FIELD OF THE INVENTION

The invention relates to a sensor device for conductivity measurement and to a method for operating such a sensor device.

BACKGROUND OF THE INVENTION

It is known for example from US 2006/0191496 A1 to fit a sensor device for conductivity measurement to a heating device for a washing machine or dishwasher. Two sensory areas extend into the water for conductivity measurement and are contacted to the outside in simple manner by electrical terminals.

EP 940494 A1 discloses providing such a sensor device on a tumble dryer. Two electrodes are provided on a sensor module for conductivity measurement with conductance electronics for activation and with an optical coupler for transmitting the signals for evaluation. The conductance electronics is connected to the mains voltage by means of a transformer.
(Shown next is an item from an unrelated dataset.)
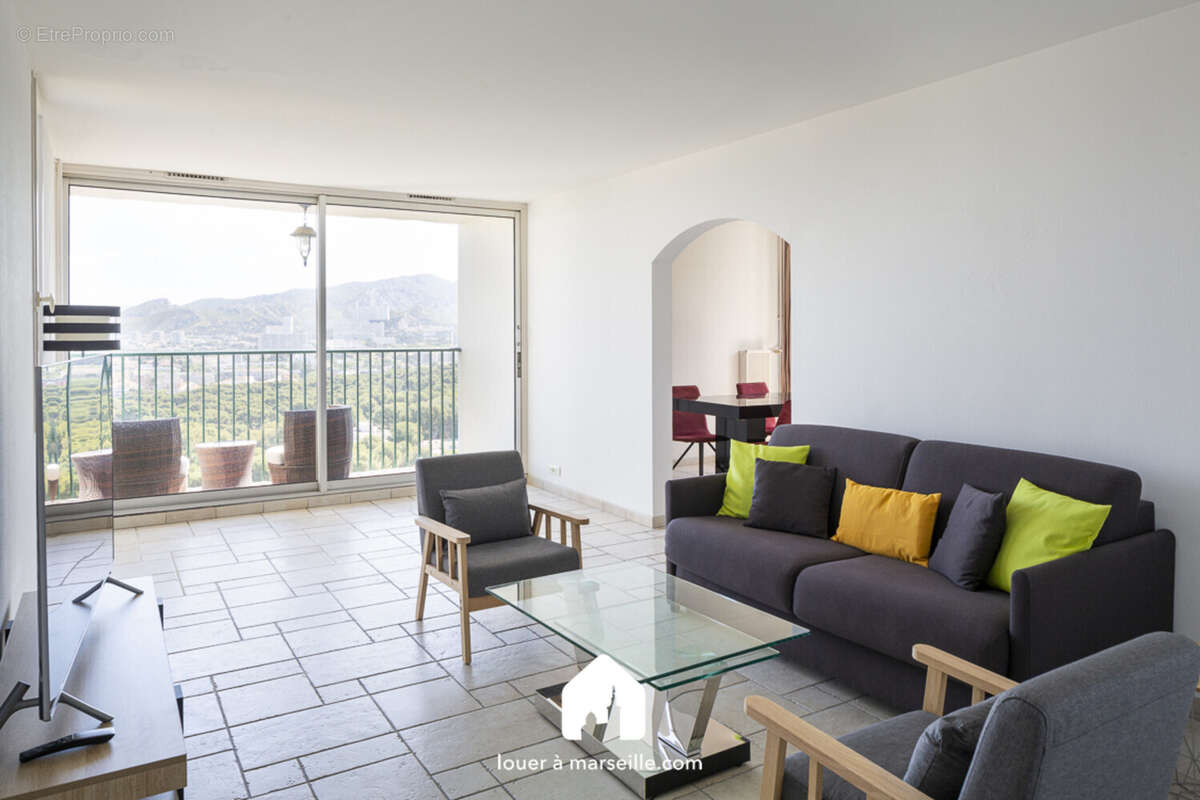 Appartement à MARSEILLE-8E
In this way it is possible to isolate the sensor module from the remaining equipment via the transformer and optical coupler.

A problem addressed by the present invention is to provide an aforementioned sensor device and a method for operating such a sensor device making it possible to obviate the problems of the prior art and in particular provide a simple practicably usable sensor device which operates reliably.

BRIEF DESCRIPTION OF THE DRAWINGS

An embodiment of the invention is described hereinafter relative to the attached diagrammatic drawings, wherein:

FIG. 1 illustrates an exploded view of sensor device with a carrier for the components and a sensor housing provided for the same.

FIG. 2 illustrates the two parts plugged into one another from FIG. 1.

FIG. 3 illustrates a plan view of the sensor device according to FIG. 2 with a further temperature sensor, which is installed in the wall of a water duct of an electrical appliance.

DETAILED DESCRIPTION

This problem is solved by embodiments of a sensor device having the features and methods as claimed herein. Advantageous and preferred developments of the invention appear in the further claims and are explained in greater detail hereinafter. Some features of the invention are only explained once hereinafter, but independently of this apply to the different inventive constructions. By express reference the wording of the claims is made into part of the content of the description.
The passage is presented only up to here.